From the Hong Lim by-election, the British realised with alarm that the PAP
was no longer the force it was when it came into power in June 1959, and that
the electorate had a mind of its own.
In July 1961, the PAP lost the Anson by-election in the face of the same demand
to free those imprisoned without trial. When the seat of Sembawang became
vacant not long after, Lee (having lost two by-elections) did not dare to face
another by-election.
The British threw Lee Kuan Yew a “lifeline”, as they put it. They gave Prime
Minister Tunku Abdul Rahman the merger deal of a Malaysia which included
British North Borneo and Sarawak and which put Singapore’s internal security
in the Tunku’s hand. Lee relentlessly called the PAP left “communists”

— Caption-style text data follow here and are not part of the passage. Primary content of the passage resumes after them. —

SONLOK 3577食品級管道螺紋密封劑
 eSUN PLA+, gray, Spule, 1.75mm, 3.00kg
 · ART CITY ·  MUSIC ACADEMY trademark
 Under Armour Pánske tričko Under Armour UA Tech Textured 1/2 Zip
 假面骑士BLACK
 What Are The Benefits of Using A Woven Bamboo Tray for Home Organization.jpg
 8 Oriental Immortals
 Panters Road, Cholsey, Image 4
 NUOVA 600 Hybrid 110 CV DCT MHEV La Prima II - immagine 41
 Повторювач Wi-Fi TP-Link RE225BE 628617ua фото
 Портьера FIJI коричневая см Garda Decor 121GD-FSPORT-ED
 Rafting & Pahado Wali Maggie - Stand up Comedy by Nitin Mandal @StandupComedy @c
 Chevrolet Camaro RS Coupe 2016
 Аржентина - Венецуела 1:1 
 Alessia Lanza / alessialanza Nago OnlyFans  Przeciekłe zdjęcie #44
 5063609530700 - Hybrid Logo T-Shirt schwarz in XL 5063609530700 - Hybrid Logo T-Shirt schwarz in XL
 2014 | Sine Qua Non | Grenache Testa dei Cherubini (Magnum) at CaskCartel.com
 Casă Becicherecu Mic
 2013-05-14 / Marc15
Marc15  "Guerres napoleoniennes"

and expelled them when they refused to give him complete control to decide on
the terms for merger. The expelled PAP left-wing formed the Barisan Sosialis
which was then the strongest political force in Singapore. But Operation
Coldstore totally decimated them.
Operation Coldstore was ordered by the British, Singapore and Federation of
Malaya members of the Internal Security Council to overcome the challenge
from the Barisan Sosialis. Nine out of the 16 Central Working Committee
members led by Lim Chin Siong were arrested and imprisoned. Their
imprisonment eliminated the Barisan’s top echelon from the September 1963
general election, giving the PAP a clear win. Despite that, the government
almost immediately ordered another wave of arrests, including of another three
members of the Barisan Central Working Committee who were successful in the
general election.
Separation took place less than two years after merger, and the ISA continued to
be the instrument used to suppress political activities which were constitutional
but which the government labelled “subversive”, without needing to provide
evidence. I remained in prison at the pleasure of the PAP government even
when Barisan’s objections to the terms of merger were shown to be valid.